Mas, por quanto tempo? Se até os Cieps e Ceus, implementados com recursos públicos e consagrados pelo uso da população, oscilam sob contingências políticas?
Cabe sustentar gestões que lidam tão intimamente com sonhos e projetos de vida e sustar as que se diluíram.
Com freqüência, programas são massivamente ministrados sem avaliar qualidades de iniciantes e iniciadores, despossuindo-se o despossuído também do direito de aprimorar o pendor que tem, como ser original e único que é.
A postura acrítica sugere perversas indagações: teriam os miseráveis uma alma, se não a tinham seus antepassados negros e índios? E se a têm, seria essa alma individual ou manada anímica que não requer prática nem habilidade fora de palanques e planos de marketing institucional? Ao "estorvo histórico", o "resgate da cidadania". Eis o ato falho que denuncia o estigma. Não se resgata o que não foi dado.
Há que resgatar o sentido da educação, da ciência e da arte.

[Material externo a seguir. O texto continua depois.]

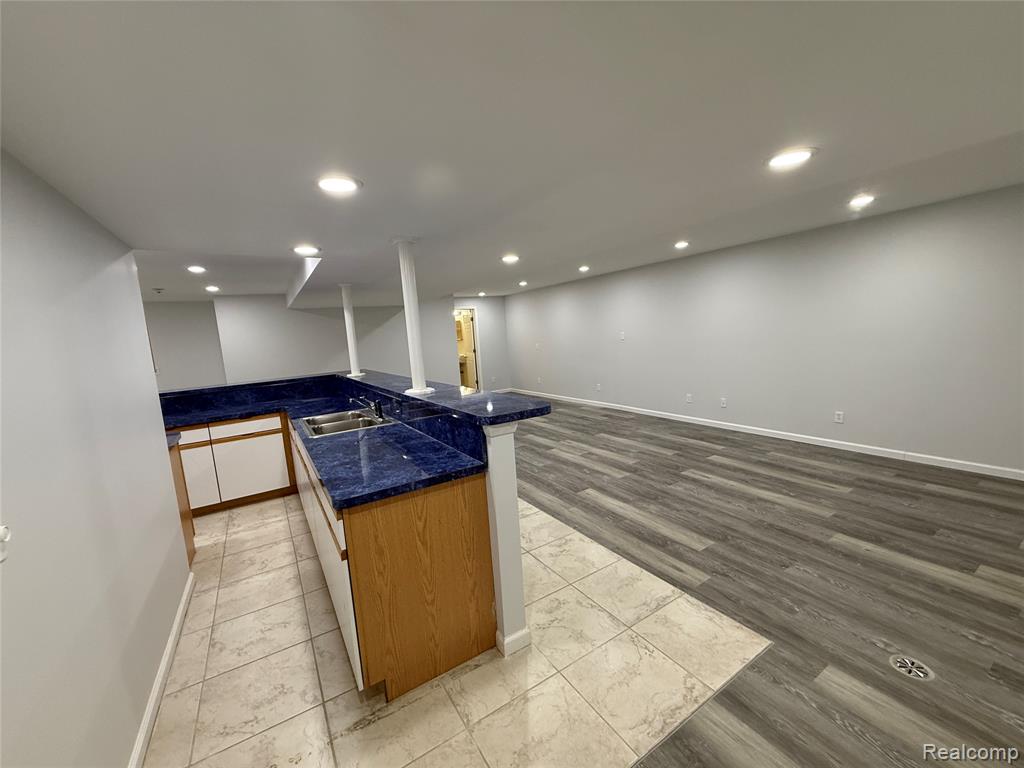 4377 Brighton Drive, Grand Blanc, MI 48439 — Photo 37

Mais que transmissão de conhecimento acumulado, educação é sentimento do mundo, ciência é intuição, arte é criatividade, e todas são um só processo para o qual é preciso educar o educador, ele também tratado como coisa ou peça de senzala, ganhando em média 300 reais mensais.

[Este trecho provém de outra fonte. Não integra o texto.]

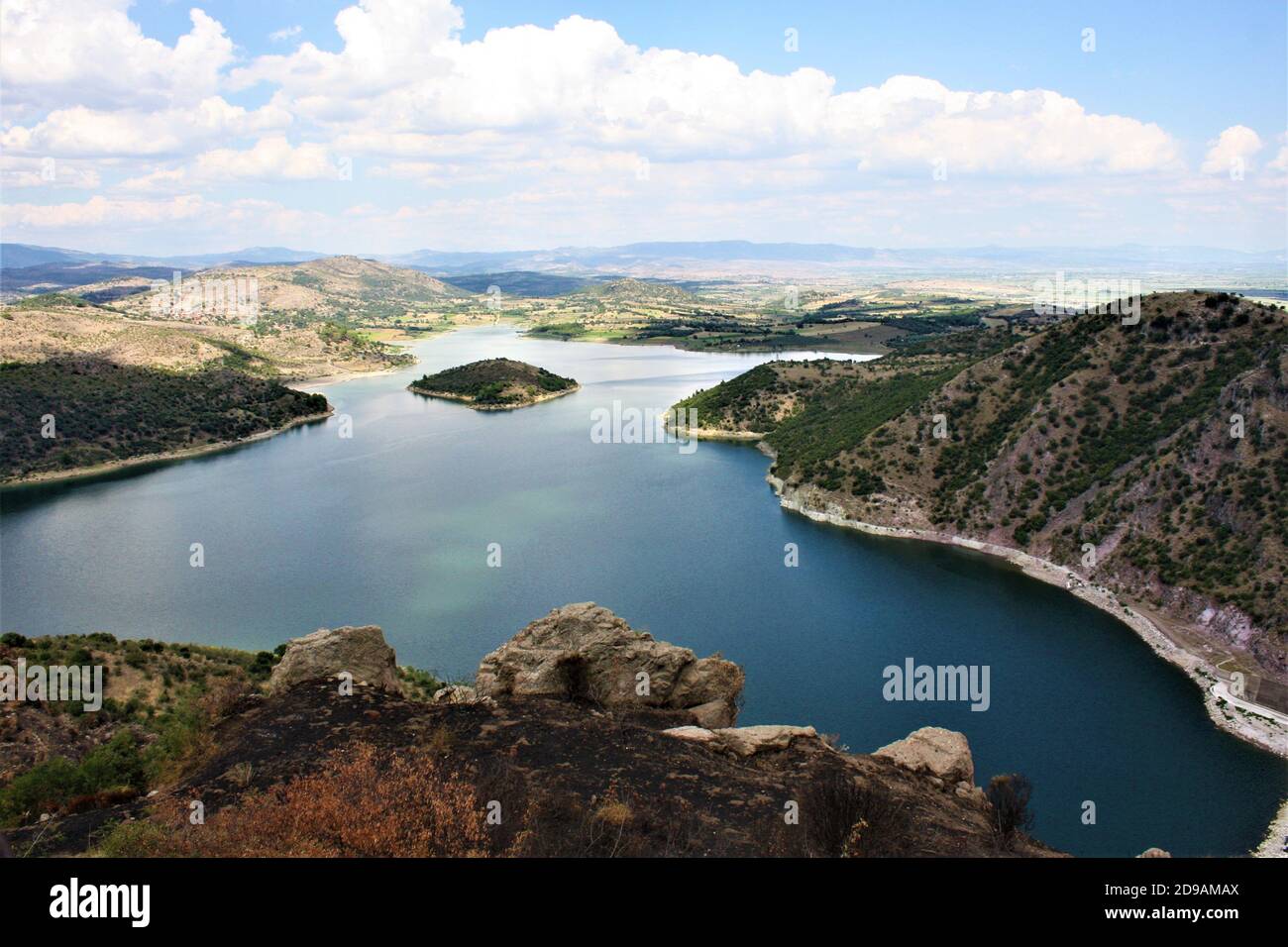 Lago Bergama e cielo blu con nuvole bianche. Izmir Turchia. Foto Stock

É esse o quadro que esperamos que seja revertido pelos empresários ora mobilizados e os candidatos em campanha, quando eleitos. Que a democracia saia do discurso para entrar na história pessoal de todos os brasileiros. Só o talento subverte a distribuição de renda que distribui os destinos de cada um.

ANA CLARA G. SCHENBERG , bióloga, é professora do Instituto de Ciências Biomédicas da USP. Foi coordenadora da Divisão de Assuntos Científicos e Tecnológicos da Convenção da Biodiversidade das Nações Unidas.
CONSUELO DE CASTRO , dramaturga, é autora de "Only You", "Caminho de Volta" e da coletânea "Urgência e Ruptura" (Perspectiva).